A constructive trust in English law is one that arises by operation of law where it would be unfair for an individual who holds an asset to deny the beneficial interest of another person in that asset.
The concept of a constructive trust was encapsulated by the English courts in Gissing v Gissing (1971) where it was held that for a constructive trust to arise there must be:
- inducement by the legal owner of the property to the other person that they were entitled to a share in its ownership (this could be shown either through express agreement or through contribution to the acquisition); and
- detriment to the claimant (eg, contribution made to the purchase of the property in question).
This approach was reaffirmed by the House of Lords in Lloyds Bank plc v Rosset (1991), although the court placed emphasis on the need for a common intention between the parties rather than inducement. As Lord Bridge said:
‘The first and fundamental question which must always be resolved is whether, independently of any inference to be drawn from the conduct of the parties in the course of sharing the house as their home and managing their joint affairs, there has at any time prior to acquisition, or exceptionally at some later date, been any agreement, arrangement or understanding reached between them that the property is to be shared beneficially.’
Common intention can either be express or implied.
Express common intention
Express common intention will be found if the claimant can prove that there was an express agreement that the property would be shared beneficially. A number of principles have arisen at common law regarding the finding of express common intention:
- An inference will not necessarily be inferred from the parties’ expectations arising from their relationship (James v Thomas (2007)).
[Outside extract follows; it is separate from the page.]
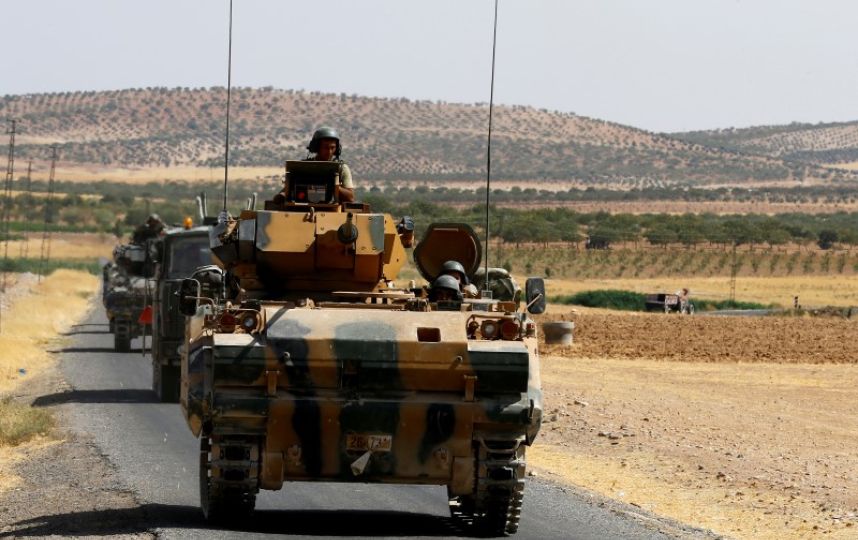 The Latest: Syria top diplomat in Iraq amid Turkey incursion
- If the aim of the agreement was for an unlawful purpose – eg, to evade bankruptcy rules – no constructive trust can arise (Barrett v Barrett (2008)).
- The exact amount of the beneficial share does not have to be agreed (Drake v Whipp (1996)).
Inferred common intention
Where no express common intention can be found, it may sometimes be inferred from the conduct of the parties, although Lord Bridge opined in Lloyds Bank v Rosset that only a substantial contribution to the purchase price would be enough for such a common intention to be inferred. The courts have decreed that:
- If the contribution to the purchase price was through a gift or loan, no common intention will be inferred (Re Sharpe (a bankrupt) (1980)).
- If the legal owner did not know about the contribution, no common intention will be inferred (Lightfoot v Lightfoot-Brown (2005)).
- Where the property was bought before the relationship started it is harder to show an inferred common intention (James v Thomas (2007)).
If a common intention is found, the claimant must then show they acted to their detriment with regard to the disputed property. This is particularly important in cases where express common intention has been found as, where common intention is inferred, the conduct leading to the inference will usually be enough to prove detriment. Factors which will be considered a detriment include:
- a direct contribution to the purchase price;
- home improvements (Eves v Eves (1975));
- a financial contribution made to household expenses (Grant v Edwards (1986)).